Me: I'll certainly be optimizing Delicious Library for Snow Leopard. There are a lot of cool things in Snow Leopard for developers; it's really a release for us and for Apple, to clean up and modernize the underlying layers of OS X.
- Grand Central is used all over in Snow Leopard, so it's hard NOT to use it if you're doing new development. In general, Apple has noted that processors can't get much faster – the energy they use, and thus the heat they create, goes up as the square of the processor speed, so we've hit a barrier where they'll burn themselves up the second you turn them on if we go any further. To counter that Intel and others have started bundling multiple processors on a single chip – imagine a kitchen with many cooks, instead of one cook who you keep asking to work faster and faster.
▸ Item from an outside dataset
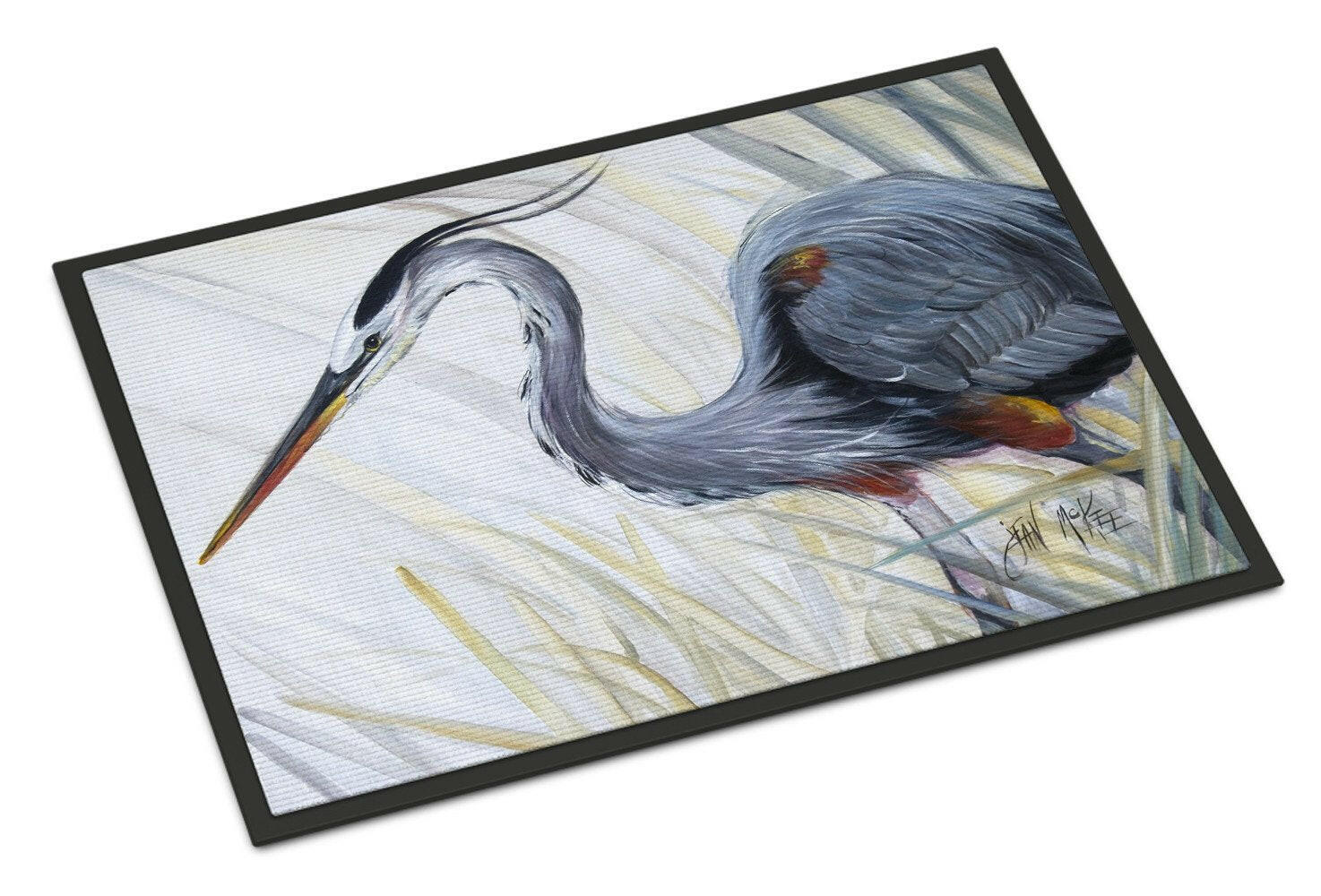Blue Heron Frog hunting Doormat Indoor Outdoor 18H X 27W Front Door Mat Rugs for Entryway, Non Slip Washable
But, like a kitchen, if you have many cooks you need to _manage_ them well, or most of them will sit idle and useless while a couple are tearing around hogging the blender and over or what-have-you. Grand Central makes it simple for mortal programmers to keep all the cooks busy; other operating systems (Windows, Linux, etc) have notions of "multiple threads" but leave it to the programmer to manage them manually, and threaded programming is VERY, VERY hard to get right. (OmniWeb 2.0 was one of the first commercial very-threaded programs, and believe me it was a BEAST to code.)
In Delicious Library 2, for instance, I use a few threads (cooks) already - when you scan a barcode with the videocamera the decoding work is done on a different processor, and when you look up items or publish your collection to the web the network code is handled on a different processor, as well.
With Grand Central Dispatch I can go a lot further with a lot less effort – for instance, I could have it so each frame from the videocamera is handled by a different processor when scanning for barcodes (instead of all of them being handled by one processor), so I could process a lot more frames per second on machines with a lot of processors. (Right now I just skip frames if I run out of time processing the previous one.)
This gives us a great foundation against Windows in the future - as machines get 4 cores (processors) and then 8 and then 16, apps written for Snow Leopard and beyond will continue to be faster and faster, with no changes, while Windows programmers are going to be struggling to make their apps work at all.
- 64-bit is great, because it requires very little work on my part for a lot of win. First off, it turns out that applications that are recompiled for 64-bit end up running about 15% faster, right out of the gate, just because of efficiencies gained at the processor level. I did the initial 64-bit port of Delicious Library 2 to 64-bit in about two days -- while I still have to beta test it and all that, it's pretty amazing to spend two days and get a 15% speed-up in software.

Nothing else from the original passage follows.